Each record below is to be copied exactly; the pictures are to be omitted.

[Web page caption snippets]
Start of Block

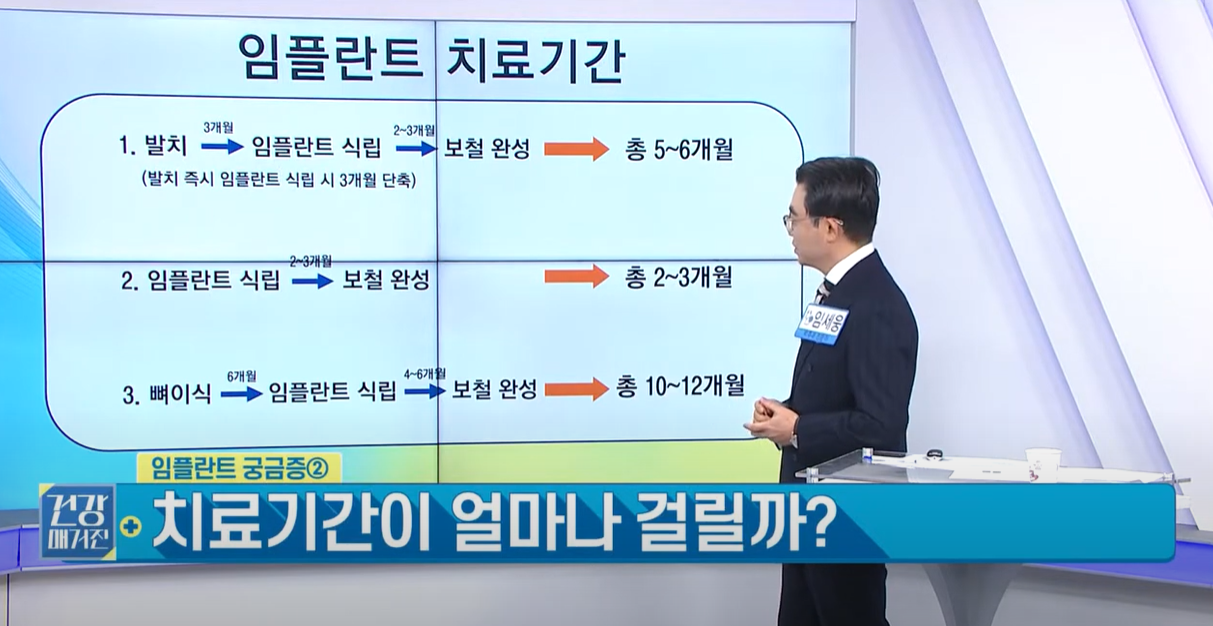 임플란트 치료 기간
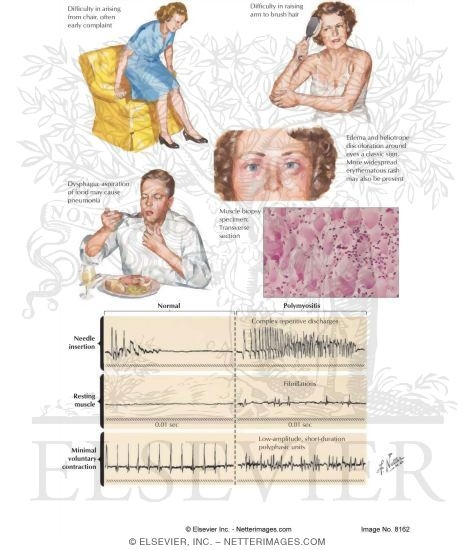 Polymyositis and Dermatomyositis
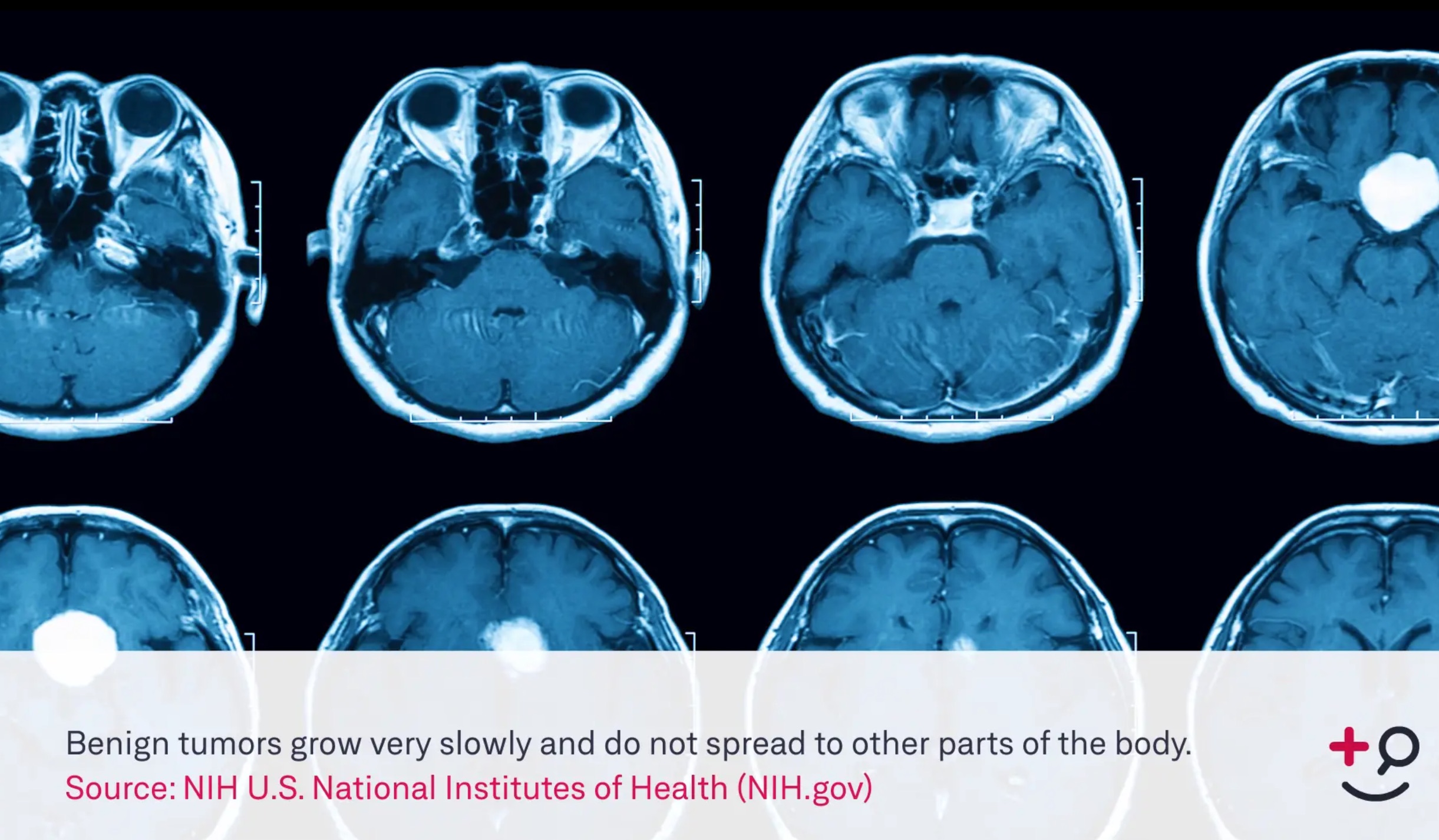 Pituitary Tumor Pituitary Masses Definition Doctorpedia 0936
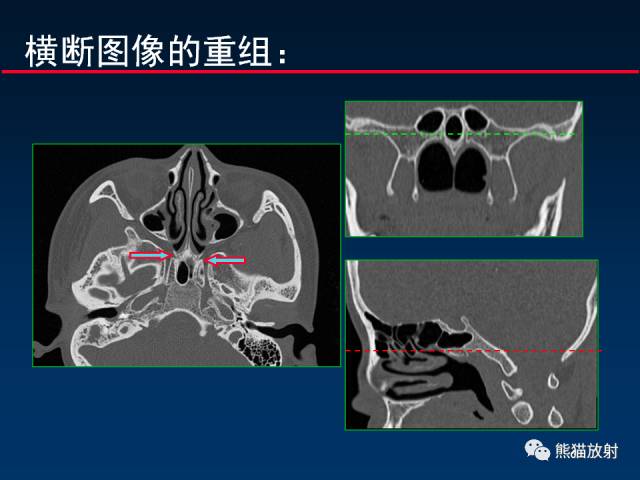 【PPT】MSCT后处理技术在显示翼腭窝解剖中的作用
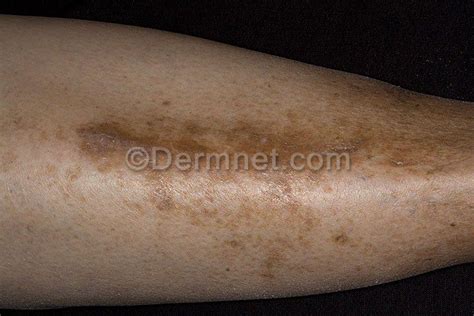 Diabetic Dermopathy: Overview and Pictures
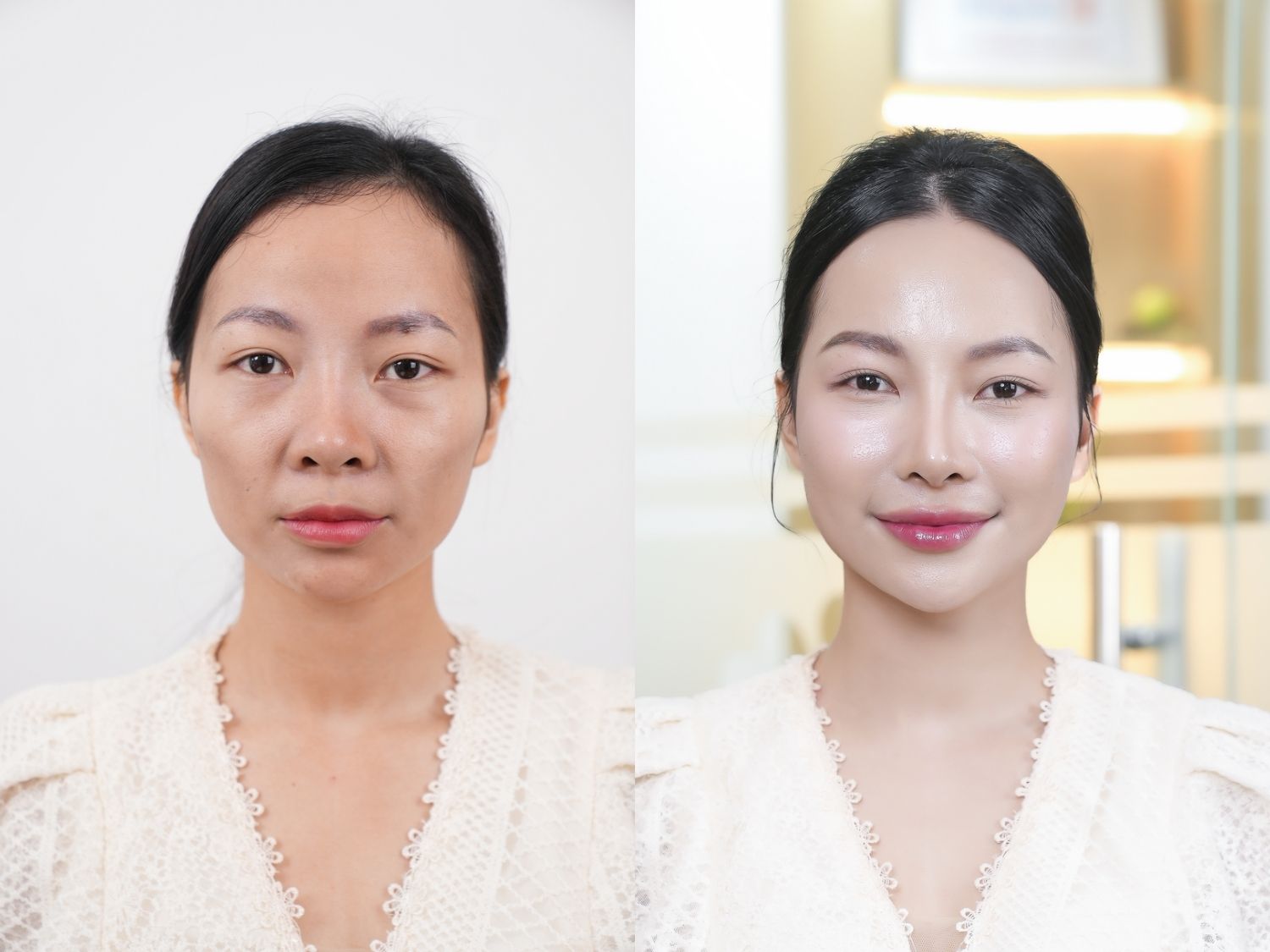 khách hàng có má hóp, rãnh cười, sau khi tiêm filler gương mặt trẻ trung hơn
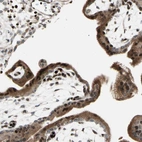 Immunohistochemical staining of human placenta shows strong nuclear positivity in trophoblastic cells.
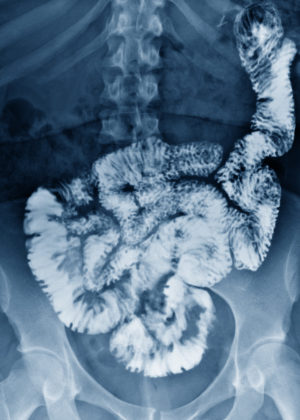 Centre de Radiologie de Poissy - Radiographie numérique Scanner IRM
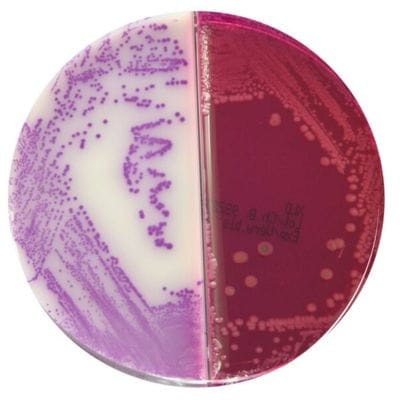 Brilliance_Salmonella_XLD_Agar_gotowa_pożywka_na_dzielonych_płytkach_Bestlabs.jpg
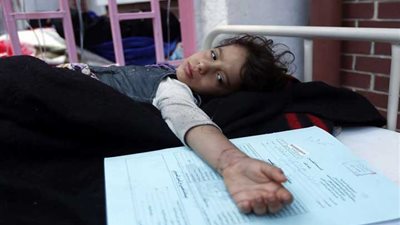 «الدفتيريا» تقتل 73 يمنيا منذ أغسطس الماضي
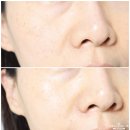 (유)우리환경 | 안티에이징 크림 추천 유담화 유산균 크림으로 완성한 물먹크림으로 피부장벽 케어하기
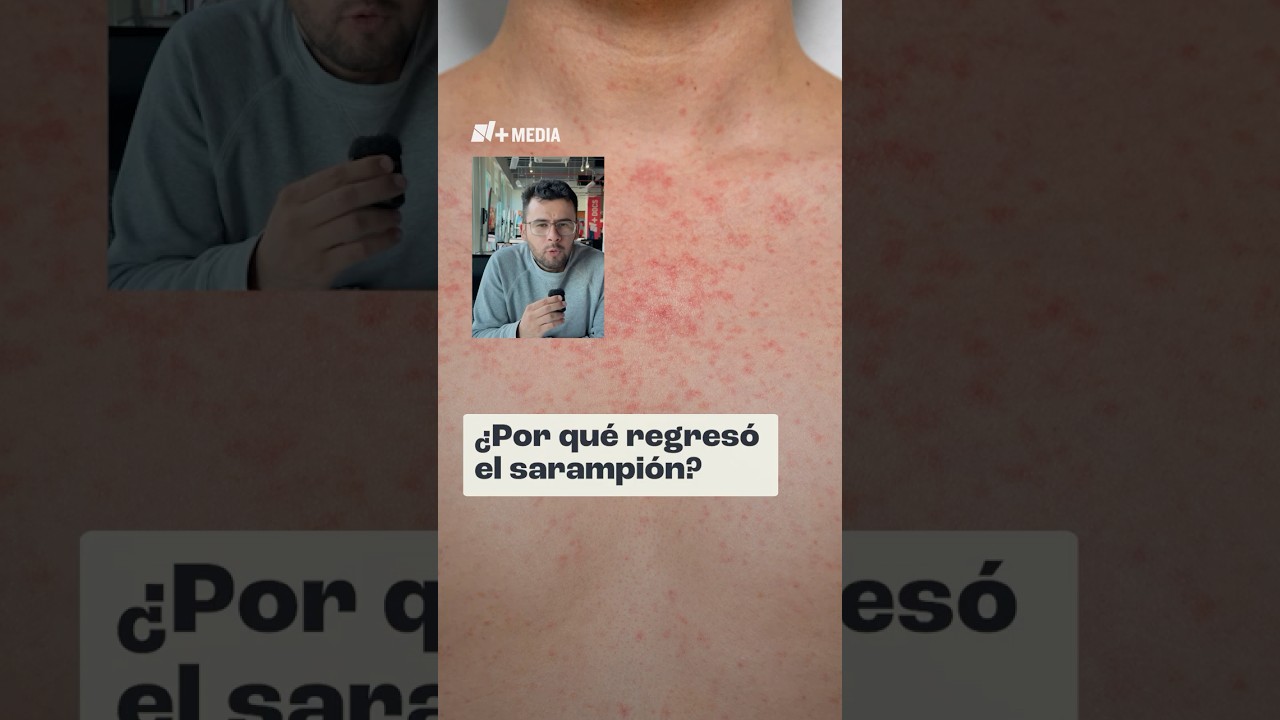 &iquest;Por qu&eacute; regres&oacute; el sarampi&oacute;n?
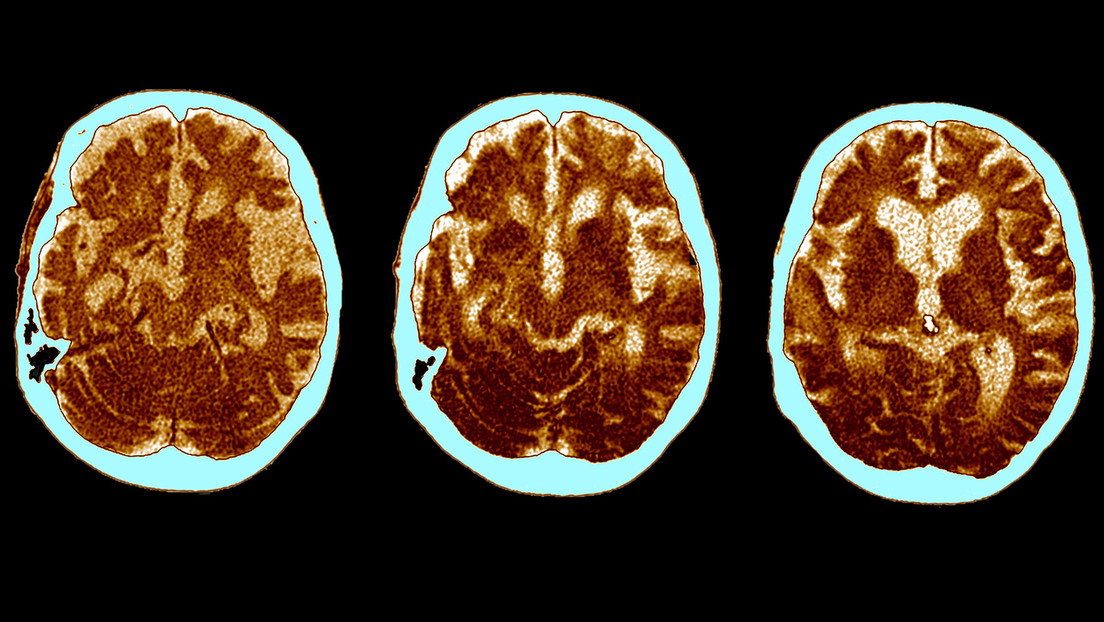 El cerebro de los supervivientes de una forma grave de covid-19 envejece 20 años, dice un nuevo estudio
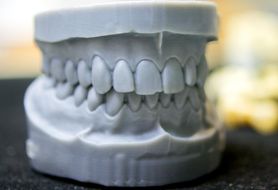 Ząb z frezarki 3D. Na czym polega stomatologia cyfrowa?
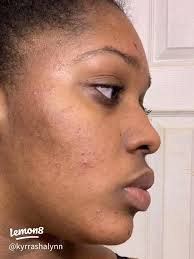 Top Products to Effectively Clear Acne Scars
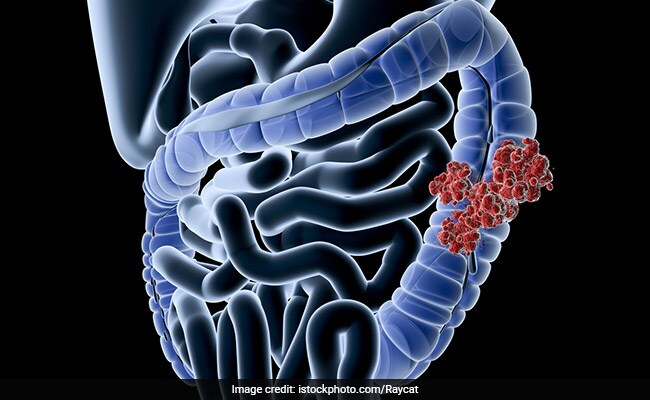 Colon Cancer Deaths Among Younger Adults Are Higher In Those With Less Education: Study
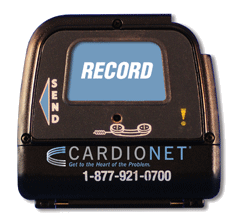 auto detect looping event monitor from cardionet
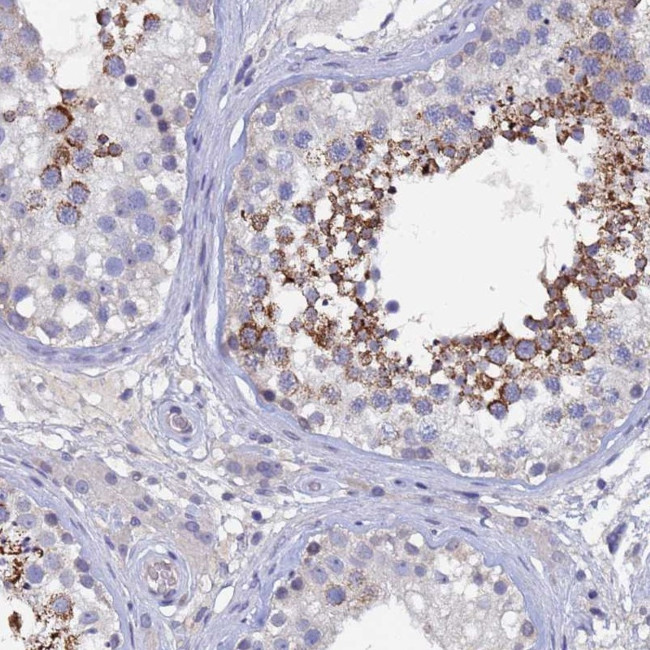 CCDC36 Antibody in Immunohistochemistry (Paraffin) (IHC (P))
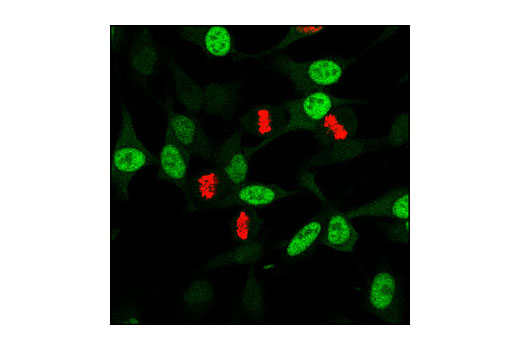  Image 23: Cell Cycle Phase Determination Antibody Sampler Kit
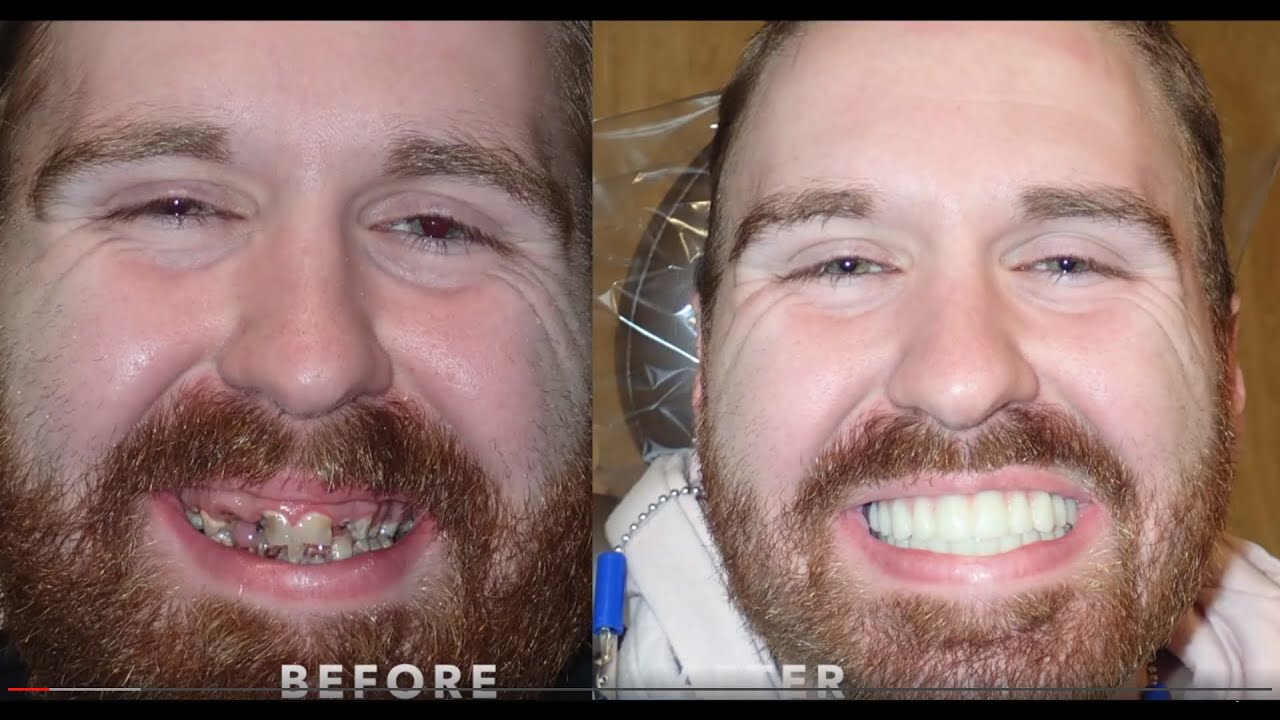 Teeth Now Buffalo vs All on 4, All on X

End of Block

** COMPLETED TASK **
 임플란트 치료 기간
 Polymyositis and Dermatomyositis
 Pituitary Tumor Pituitary Masses Definition Doctorpedia 0936
 【PPT】MSCT后处理技术在显示翼腭窝解剖中的作用
 Diabetic Dermopathy: Overview and Pictures
 khách hàng có má hóp, rãnh cười, sau khi tiêm filler gương mặt trẻ trung hơn
 Immunohistochemical staining of human placenta shows strong nuclear positivity in trophoblastic cells.
 Centre de Radiologie de Poissy - Radiographie numérique Scanner IRM
 Brilliance_Salmonella_XLD_Agar_gotowa_pożywka_na_dzielonych_płytkach_Bestlabs.jpg
 «الدفتيريا» تقتل 73 يمنيا منذ أغسطس الماضي
 (유)우리환경 | 안티에이징 크림 추천 유담화 유산균 크림으로 완성한 물먹크림으로 피부장벽 케어하기
 &iquest;Por qu&eacute; regres&oacute; el sarampi&oacute;n?
 El cerebro de los supervivientes de una forma grave de covid-19 envejece 20 años, dice un nuevo estudio
 Ząb z frezarki 3D. Na czym polega stomatologia cyfrowa?
 Top Products to Effectively Clear Acne Scars
 Colon Cancer Deaths Among Younger Adults Are Higher In Those With Less Education: Study
 auto detect looping event monitor from cardionet
 CCDC36 Antibody in Immunohistochemistry (Paraffin) (IHC (P))
  Image 23: Cell Cycle Phase Determination Antibody Sampler Kit
 Teeth Now Buffalo vs All on 4, All on X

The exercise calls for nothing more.